On Monday, the Social Security Administration began a three-day retreat for more than 700 employees, from as far away as Guam, at Phoenix's posh Biltmore Hotel.
The glorified vacation, which SSA officials describe as a "training workshop," cost taxpayers roughly $750,000.
"Wait, isn't Social Security running out of money?" asks 25-year-old Tempe fitness instructor Jen Rezaci. "That's ridiculous."

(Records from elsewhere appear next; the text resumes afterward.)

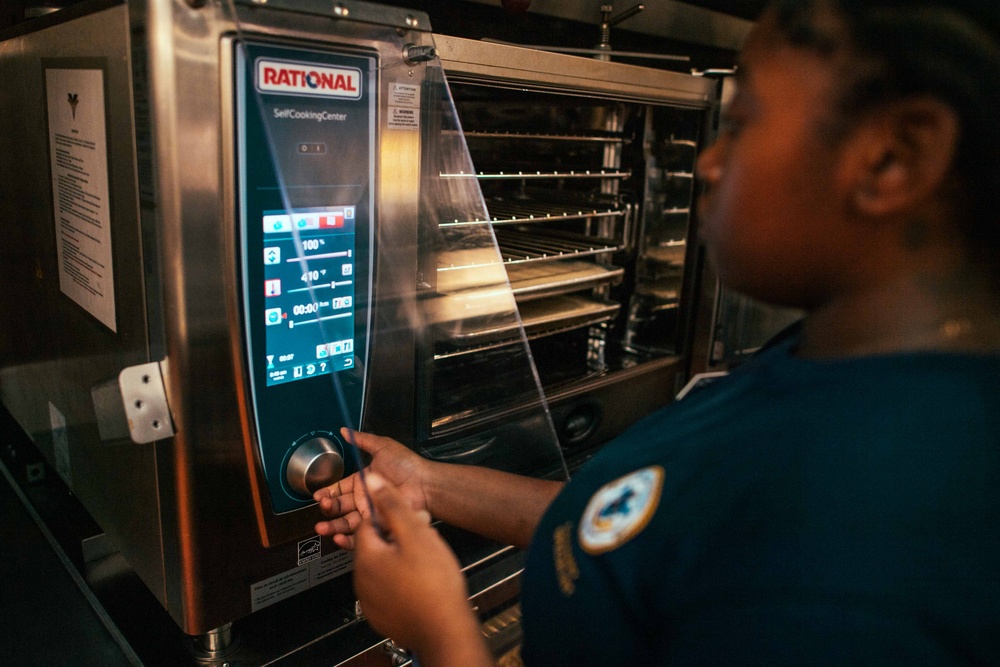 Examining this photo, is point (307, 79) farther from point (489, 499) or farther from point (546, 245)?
point (546, 245)

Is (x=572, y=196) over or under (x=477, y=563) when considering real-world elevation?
over

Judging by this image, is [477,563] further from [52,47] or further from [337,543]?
[52,47]

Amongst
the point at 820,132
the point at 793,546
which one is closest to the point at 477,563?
the point at 793,546

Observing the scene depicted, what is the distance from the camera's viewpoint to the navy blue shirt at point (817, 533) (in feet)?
1.50

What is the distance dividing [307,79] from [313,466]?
46 cm

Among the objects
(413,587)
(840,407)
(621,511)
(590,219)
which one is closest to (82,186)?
(413,587)

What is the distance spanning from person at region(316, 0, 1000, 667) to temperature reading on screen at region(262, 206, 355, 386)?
0.45m

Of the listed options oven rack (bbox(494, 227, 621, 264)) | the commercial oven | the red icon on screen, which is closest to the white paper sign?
the commercial oven

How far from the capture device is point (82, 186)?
0.91 metres

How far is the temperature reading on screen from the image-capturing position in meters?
0.85

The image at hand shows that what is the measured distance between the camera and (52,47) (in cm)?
94

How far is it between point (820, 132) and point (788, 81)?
4 centimetres

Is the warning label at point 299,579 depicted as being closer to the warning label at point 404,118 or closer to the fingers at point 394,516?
A: the fingers at point 394,516

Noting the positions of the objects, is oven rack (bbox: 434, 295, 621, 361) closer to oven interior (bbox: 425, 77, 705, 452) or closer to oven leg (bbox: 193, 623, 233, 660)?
oven interior (bbox: 425, 77, 705, 452) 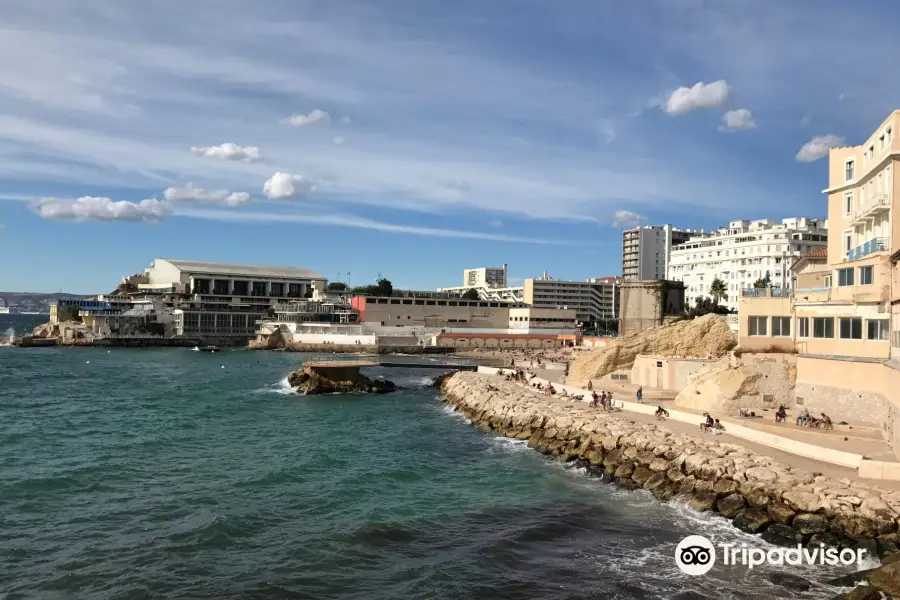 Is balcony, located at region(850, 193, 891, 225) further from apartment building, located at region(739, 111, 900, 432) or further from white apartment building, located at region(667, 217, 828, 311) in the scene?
white apartment building, located at region(667, 217, 828, 311)

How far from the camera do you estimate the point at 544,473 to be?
2789 cm

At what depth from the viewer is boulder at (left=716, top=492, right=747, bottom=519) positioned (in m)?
21.3

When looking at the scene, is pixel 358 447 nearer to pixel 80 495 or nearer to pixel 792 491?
pixel 80 495

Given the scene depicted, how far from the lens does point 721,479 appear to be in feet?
75.9

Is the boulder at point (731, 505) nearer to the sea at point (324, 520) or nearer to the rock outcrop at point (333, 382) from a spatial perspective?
the sea at point (324, 520)

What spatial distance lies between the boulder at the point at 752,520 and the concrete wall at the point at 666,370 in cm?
1964

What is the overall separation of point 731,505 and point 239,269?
145 meters

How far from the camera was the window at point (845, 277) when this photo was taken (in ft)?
100.0

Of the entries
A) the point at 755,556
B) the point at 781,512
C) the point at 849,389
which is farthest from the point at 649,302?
the point at 755,556

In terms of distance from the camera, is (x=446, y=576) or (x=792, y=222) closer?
(x=446, y=576)

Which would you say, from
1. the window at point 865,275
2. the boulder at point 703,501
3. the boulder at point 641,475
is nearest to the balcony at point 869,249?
the window at point 865,275

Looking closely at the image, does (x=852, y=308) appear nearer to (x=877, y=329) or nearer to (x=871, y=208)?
(x=877, y=329)

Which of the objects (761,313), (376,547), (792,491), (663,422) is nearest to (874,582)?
(792,491)

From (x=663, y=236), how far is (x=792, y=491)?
153 metres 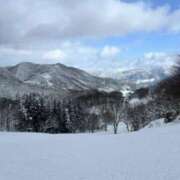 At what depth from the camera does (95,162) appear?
16.4 m

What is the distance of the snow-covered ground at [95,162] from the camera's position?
13.4 metres

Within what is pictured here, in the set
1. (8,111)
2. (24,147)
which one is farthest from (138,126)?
(24,147)

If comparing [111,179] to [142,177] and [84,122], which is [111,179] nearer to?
[142,177]

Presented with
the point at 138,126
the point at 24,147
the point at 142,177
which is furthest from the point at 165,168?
the point at 138,126

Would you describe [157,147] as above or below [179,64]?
below

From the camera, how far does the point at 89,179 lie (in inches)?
516

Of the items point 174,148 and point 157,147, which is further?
point 157,147

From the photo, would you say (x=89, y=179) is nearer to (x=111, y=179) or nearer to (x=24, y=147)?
(x=111, y=179)

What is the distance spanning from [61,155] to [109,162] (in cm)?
436

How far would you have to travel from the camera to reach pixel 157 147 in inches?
739

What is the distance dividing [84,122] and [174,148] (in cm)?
6687

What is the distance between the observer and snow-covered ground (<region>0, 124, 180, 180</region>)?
44.0 feet

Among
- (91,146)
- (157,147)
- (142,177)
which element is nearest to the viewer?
(142,177)

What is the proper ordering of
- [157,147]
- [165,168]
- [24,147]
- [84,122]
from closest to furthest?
[165,168] < [157,147] < [24,147] < [84,122] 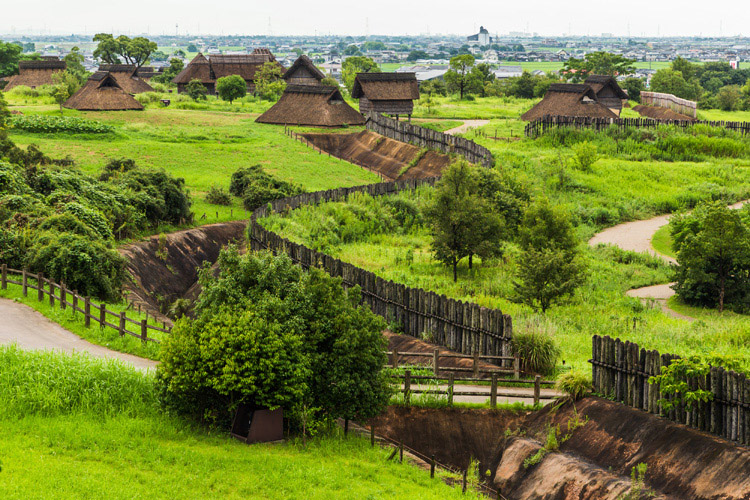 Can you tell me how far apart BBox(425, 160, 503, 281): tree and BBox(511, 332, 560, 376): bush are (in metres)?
11.1

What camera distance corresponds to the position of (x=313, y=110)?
6500cm

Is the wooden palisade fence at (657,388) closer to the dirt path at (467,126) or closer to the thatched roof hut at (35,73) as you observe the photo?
the dirt path at (467,126)

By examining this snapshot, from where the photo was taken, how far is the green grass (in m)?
35.2

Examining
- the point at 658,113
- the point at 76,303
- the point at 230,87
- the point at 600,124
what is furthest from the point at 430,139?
the point at 230,87

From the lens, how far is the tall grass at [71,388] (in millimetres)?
16109

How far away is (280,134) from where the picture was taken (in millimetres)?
60969

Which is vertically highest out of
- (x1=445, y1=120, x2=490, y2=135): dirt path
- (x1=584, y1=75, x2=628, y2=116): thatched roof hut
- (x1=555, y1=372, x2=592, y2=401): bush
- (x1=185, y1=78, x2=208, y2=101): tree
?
(x1=584, y1=75, x2=628, y2=116): thatched roof hut

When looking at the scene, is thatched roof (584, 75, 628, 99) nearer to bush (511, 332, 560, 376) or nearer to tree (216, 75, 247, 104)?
tree (216, 75, 247, 104)

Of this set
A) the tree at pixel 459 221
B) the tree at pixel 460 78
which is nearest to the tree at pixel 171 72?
the tree at pixel 460 78

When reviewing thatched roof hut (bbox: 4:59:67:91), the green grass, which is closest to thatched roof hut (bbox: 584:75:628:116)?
the green grass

"That is ludicrous," says Christina Meints, a 26-year-old school psychologist in Tempe, "they couldn't have just trained them in a cafeteria or something?" The retreat did hold training sessions during the day on things like stress management. The important question is whether it was shiatsu or yoga. In the evenings, the honored guests enjoyed dinner, dancing, and a casino night. How fitting for those in charge of the nation'ss seemingly doomed Social Security fund. Guess who came up snake eyes? John Q. Public, maybe. Could this be federal government hypocrisy at work? In October, lawmakers, including then-presidential candidate Barack Obama, used executives of the now-federally funded investment group AIG as political punching bags after the "too big to fail" company spent about $400,000, almost half the cost of the SSA's lavish desert departure from duty, on a similar retreat. "Those executives should be fired," Obama said on the campaign trail. Well Mr. Chief Executive; where does the next buck stop? Club Med or Sandals?